In the book, the scene is pretty much the same as described (except that it’s his hand that balls up into a fist off and on rapidly).
No explanation is given.
The book also describes how a stool specimen is turned in full of jalapeno pepper seeds–very funny!

I doubt if they knew what they were testing with that needle other than speed/durability of reflexes.

The Right Stuff by Tom Wolfe is an excellent read, even for folks who don’t like “history”. Wolfe’s narrative style and attention to little things make the book read like a work of fiction. Deeply absorbing, and highly recommended.

At least the movie used a fellow Navy aviator for the electrode story. I mean, barely 5 of the Mercury 7 had any lines; dwelling on the guys who didn’t make the first cut would’ve been demanding too much.

(Save that for the sequel, “Almost the Right Stuff.”)

“The Penultimate Stuff”

TRS is a great book, and the movie is just as good. Neither work gets nearly as much respect among critics as they should.

Roger Ebert just named “The Right Stuff” as one of the “Great Movies”. Here’s his review.

My favorite movie of all time. I think Siskel and Ebert both picked it as the best movie of its year. I know they did a show where they picked the best movies of the 80s, one of them had it second and the other third. It’s not like Rog has just discovered it.

Apart from that you’re right, it’s never gotten the acclaim it deserved. And I didn’t care very much for Ebert’s re-review of it, but it is going to be included in his overlooked film festival this spring. I’d love to see it on a big screen again.

One of the best things about the movie was the insect sound of cameras that arose everytime the press hounds were shown.

My favorite movie and I enjoyed the book as well. However, the Mercury astronauts themselves have made no secret of the fact that they hated Wolfe’s novel and therefore didn’t like the movie much either.

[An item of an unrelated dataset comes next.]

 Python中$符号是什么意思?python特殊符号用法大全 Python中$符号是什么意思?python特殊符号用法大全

Yeah, but Chuck Yeager didn’t seem to mind it much. He plays the bartender at Pancho’s Happy Bottom Riding Club in the movie. That’s him grinning in the background of all the Pancho’s scenes.

When I watched “Monsters Inc” I started laughing and my fiancee didn’t know why I was laughing. They had appropriated the scene of all the astronauts walking together and used it in the movie…

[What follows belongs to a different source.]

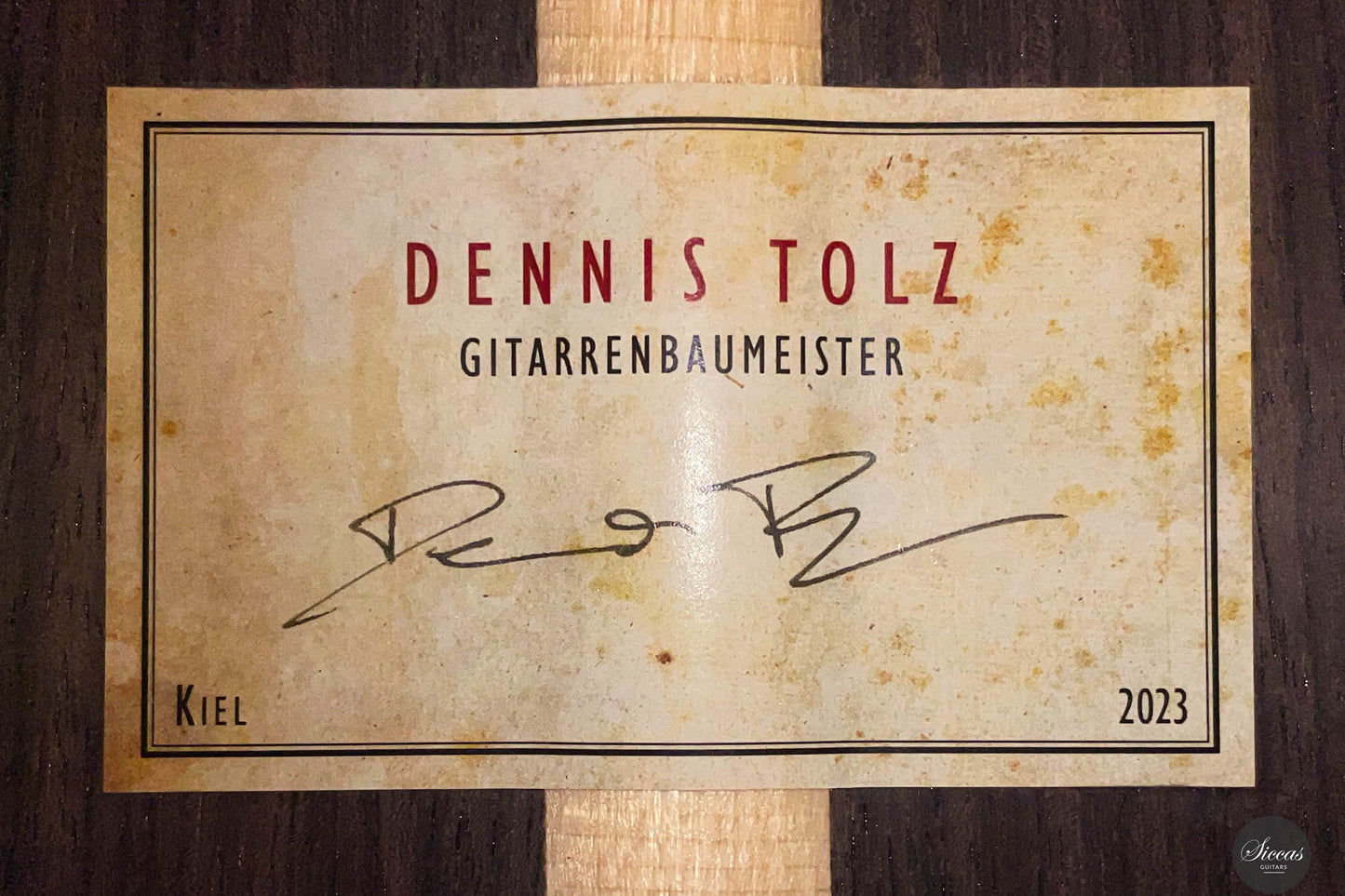 Dennis Tolz - 2023 Doubletop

Why would Chuck Yeager mind the movie? The whole damn thing is about him. His presence permeates the entire film and he comes out of it looking the best of anybody in it. That film (along with his autobio released around the same time) led to a mini-revival of Yeager worship. Not undeserved, of course.

Anyone else notice the interesting mistake Ebert makes (twice) in his re-review, in referencing the Challenger disaster when he clearly means Columbia? I’m pretty sure that’s a straight up mistake, not a chronology/continuity problem, because the review is dated and he references recent Hubble discoveries.

The review is also interesting for focusing on the astronaut = monkey theme in the movie. The debate over whether men and women needed to be in the spacecraft at all seems to be as relevant today as it was during the Mercury program.

The movie Armageddon also used that scene. Cool in the Right Stuff, funny in Monsters, Inc., and doofy in Armageddon - if you ask me…, which you didn’t.